Through a majority of the episode, the mother is not shown to have the best qualities, but that's just to set up the moment at the end that brings a little bit of a tear to your eyes for a reason other than because you've been laughing nonstop (although that is also true).  This is a show that comes around at the right time, but it is about more than Muslims are a lot like us, it's also funny, like a sitcom should be.

Interesting Fact: David Guarascio and Moses Port, the creators of this program are both former writers of the sitcoms Just Shoot Me and Mad About You.

Pilot Grade: 94%


Visually stunning, well acted, and superbly written, this is a show with some promise.  The pilot was very well executed.  It was funny and suspenseful at just the right times.  It had some great lines and great moments between the characters.  The main character, Ned says to his childhood sweetheart, who he is unable to ever touch again, "I'm not into the hug."
She responds, "Than you haven't been hugged properly, it's like an emotional Heimlich."

That's awesome.

Later in the episode there is this exchange between Ned and his business partner played by the great Chi McBride.

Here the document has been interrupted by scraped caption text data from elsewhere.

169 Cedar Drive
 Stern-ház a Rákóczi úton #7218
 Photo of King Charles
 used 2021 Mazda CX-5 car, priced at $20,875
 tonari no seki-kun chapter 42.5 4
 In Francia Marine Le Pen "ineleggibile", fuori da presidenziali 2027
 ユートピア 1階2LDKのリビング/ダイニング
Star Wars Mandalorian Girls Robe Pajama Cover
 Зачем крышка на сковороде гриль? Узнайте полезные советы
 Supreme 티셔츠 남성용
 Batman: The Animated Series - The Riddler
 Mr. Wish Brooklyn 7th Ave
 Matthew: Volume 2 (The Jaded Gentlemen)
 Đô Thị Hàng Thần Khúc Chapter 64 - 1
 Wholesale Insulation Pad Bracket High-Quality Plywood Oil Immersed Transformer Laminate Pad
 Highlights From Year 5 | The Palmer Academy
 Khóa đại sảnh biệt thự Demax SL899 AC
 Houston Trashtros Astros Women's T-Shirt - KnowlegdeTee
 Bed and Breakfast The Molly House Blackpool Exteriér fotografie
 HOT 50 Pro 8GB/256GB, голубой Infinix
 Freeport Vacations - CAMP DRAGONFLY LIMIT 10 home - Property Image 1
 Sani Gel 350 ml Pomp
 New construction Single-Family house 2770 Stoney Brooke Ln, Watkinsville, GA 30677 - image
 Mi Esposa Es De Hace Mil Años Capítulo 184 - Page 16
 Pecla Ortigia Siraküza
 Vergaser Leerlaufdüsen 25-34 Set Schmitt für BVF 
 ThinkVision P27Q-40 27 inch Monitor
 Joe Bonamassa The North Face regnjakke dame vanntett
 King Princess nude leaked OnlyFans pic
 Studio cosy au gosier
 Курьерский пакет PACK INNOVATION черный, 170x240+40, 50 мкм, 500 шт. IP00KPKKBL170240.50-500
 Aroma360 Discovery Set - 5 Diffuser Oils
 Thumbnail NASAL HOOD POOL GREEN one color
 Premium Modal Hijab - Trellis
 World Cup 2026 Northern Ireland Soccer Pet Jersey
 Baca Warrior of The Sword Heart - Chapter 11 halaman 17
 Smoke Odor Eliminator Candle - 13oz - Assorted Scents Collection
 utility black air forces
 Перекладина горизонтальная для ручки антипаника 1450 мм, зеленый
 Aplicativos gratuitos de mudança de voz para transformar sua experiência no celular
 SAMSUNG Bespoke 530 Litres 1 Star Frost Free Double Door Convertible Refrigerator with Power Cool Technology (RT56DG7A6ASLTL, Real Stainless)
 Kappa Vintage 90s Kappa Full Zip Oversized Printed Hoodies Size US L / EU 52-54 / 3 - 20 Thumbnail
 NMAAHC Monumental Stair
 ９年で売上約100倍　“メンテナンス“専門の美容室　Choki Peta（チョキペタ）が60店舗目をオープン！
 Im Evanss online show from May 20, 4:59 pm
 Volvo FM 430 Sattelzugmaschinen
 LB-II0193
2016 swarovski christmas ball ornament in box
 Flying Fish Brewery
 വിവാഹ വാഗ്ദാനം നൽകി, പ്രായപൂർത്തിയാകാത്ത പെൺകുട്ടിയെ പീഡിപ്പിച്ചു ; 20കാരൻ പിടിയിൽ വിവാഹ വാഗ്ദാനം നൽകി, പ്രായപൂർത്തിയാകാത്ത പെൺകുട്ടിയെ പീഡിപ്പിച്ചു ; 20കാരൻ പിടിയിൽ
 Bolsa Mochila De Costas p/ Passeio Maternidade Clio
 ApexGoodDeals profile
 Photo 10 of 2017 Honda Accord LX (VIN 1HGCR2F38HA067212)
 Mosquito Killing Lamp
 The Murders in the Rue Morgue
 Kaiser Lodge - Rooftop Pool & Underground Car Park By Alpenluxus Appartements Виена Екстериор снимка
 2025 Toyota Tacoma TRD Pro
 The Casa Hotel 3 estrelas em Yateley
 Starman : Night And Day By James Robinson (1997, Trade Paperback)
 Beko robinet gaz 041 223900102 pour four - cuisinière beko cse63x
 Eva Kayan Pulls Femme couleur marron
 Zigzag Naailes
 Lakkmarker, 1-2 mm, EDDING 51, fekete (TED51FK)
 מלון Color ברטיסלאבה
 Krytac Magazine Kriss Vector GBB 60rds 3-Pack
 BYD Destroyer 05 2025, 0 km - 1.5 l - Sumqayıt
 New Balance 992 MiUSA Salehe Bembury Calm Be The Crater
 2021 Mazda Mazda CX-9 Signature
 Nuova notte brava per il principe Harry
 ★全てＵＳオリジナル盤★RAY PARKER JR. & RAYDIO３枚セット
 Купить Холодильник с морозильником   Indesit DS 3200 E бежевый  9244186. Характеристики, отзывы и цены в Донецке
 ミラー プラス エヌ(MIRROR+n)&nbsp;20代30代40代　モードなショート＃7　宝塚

Chi: "You know what?  I'm glad you did it.  It makes the worst thing I ever did seem insignificant."

Ned: "Listen to you all Judgey-judge."

Chi: "Judgey-judge?"

Priceless.  The comedy is primarily dark comedy, which is dicey, but when it's done right, I love it.  This show does it right.  Add in the visual look of the show, which is beautiful on top of being original, and you've got a good show.  Add in the emotional punch of the un-requitableack to life, but if they ever touch again, then she's dead for good.  That's just genius.  So there is a lot to like about the show.  I wasn't a huge fan of the omnipotent narration.  It fits, I guess, but I would have liked to see them go a different route.  The other thing is I'm not exactly sure where the show goes from here.  I'm guessing it becomes a bit of a mystery show, with them having to solve various cases each week, which is different than I was expecting.  I would have liked a better idea of the direction the show was headed from the pilot.  Overall, however, it appears that it might be a good show.  At the very least it will be a treat for the eyes each week.

Interesting fact: It is Executive Produced by the great Barry Sonnenfeld who directed Men in Black and Get Shorty, and used to be the Cinematographer for the Coen Brothers.